Mongabay.co.id

Perbudakan dan Perlawanan Masyarakat Adat

Hutan adat Laman Kinipan, yang berubah jadi kebun sawit skala besar. Foto:Meta Septalisa

Hutan adat Laman Kinipan, yang berubah jadi kebun sawit skala besar. Foto:Meta Septalisa

 

 

Indonesia produsen sawit terbesar dunia. Data Kementerian Pertanian 2019, luas perkebunan sawit Indonesia mencapai seluas 16.381.959 hektar. Sawit dipercaya sebagai stimulus ekonomi bagi pusat dan daerah. Permintaan sawit dunia meningkat memicu pembukaan lahan makin luas di Indonesia. Ia menimbulkan berbagai masalah dari deforestasi, kerusakan lingkungan, sampai konflik lahan maupun pelanggaran hak asasi manusia (HAM).

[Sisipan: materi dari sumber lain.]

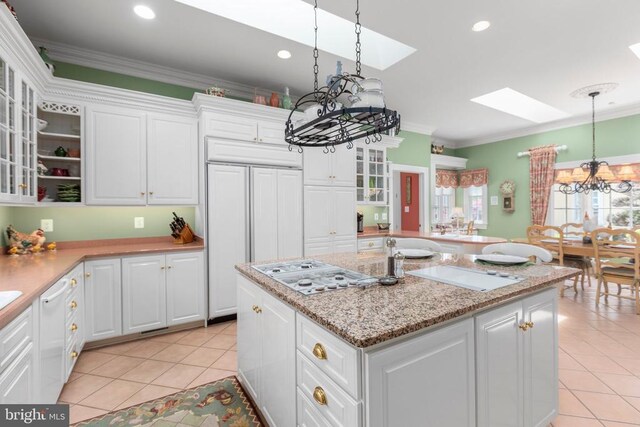 11306 Stonewall Jackson Dr, Spotsylvania, VA 22551 - kitchen with a chandelier, a skylight, white gas cooktop, ornamental molding, and light tile patterned floors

Masyarakat adat satu pihak paling rentan jadi korban dalam konflik-konflik lahan atau sumber daya alam seperti ini. Data Perkumpulan Huma (2019) menyebutkan, ada 2,1 juta hektar luas wilayah adat berkonflik berdampak pada 186.631 jiwa. Wilayah dan hutan masyarakat adat terampas sejalan dengan pengakuan dan perlindungan negara minim. Hak-hak masyarakat adat pun terus terabaikan. Padahal, hutan dan lahan merupakan sumber segala bagi masyarakat adat, dari dari sumber hidup sampai budaya.

Putusan Mahkamah Konsitusi No. 35/2012 yang menyatakan, “hutan adat bukan lagi hutan negara,” sudah ada tetapi pemerintah tak serius menjalankan putusan. Di Kalimantan Tengah, misal, hingga kini hanya satu hutan adat seluas 102 hektar ditetapkan. Itupun di kawasan alokasi penggunaan lain (APL) bukan kawasan hutan.

Sebaliknya, perluasan perkebunan sawit makin tahun makin bertambah dengan alasan peningkatan ekonomi. Pertanyaannya: peningkatan ekonomi siapa? Siapa yang diuntungkan? Salah satu jawaban bisa ditemukan di Desa Gunung Rantau dan Kinipan.

Desa Gunung Rantau, bisa ditempuh sekitar enam jam perjalanan darat dan air dari Kota Palangkaraya, Kalimantan Tengah. Terletak di Kecamatan Dusun Utara, Barito Selatan, dihuni orang Dayak Suku Ma’anyan. Dulu, mereka berladang dan berkebun, kini sebagian besar jadi buruh perkebunan sawit.

Perempuan Gunung Rantau jadi saksi deforestasi dan dampak di desa mereka. Seperti Ramiana, mantan karyawan perusahaan kayu. Ayahnya pernah jadi orang pertama yang bekerja di perusahaan minyak. Ramiana menyaksikan keluar masuk korporasi besar ke desanya.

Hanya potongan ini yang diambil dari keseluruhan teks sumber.